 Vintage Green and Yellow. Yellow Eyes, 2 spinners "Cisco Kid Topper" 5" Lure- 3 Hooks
_____
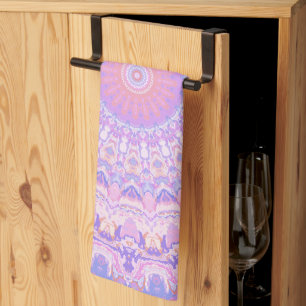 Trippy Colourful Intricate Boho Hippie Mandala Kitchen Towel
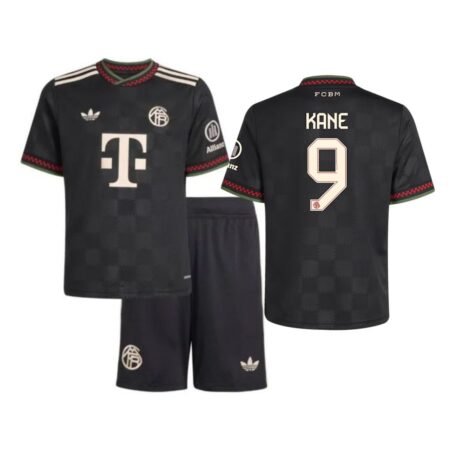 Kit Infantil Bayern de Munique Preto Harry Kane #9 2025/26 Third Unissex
_____
In the listing above, find the line containing "Trippy Colourful Intricate" and the line containing "Kit Infantil Bayern", then print exactly those two lines and every line between them, minus the pictures.

 Trippy Colourful Intricate Boho Hippie Mandala Kitchen Towel
 Kit Infantil Bayern de Munique Preto Harry Kane #9 2025/26 Third Unissex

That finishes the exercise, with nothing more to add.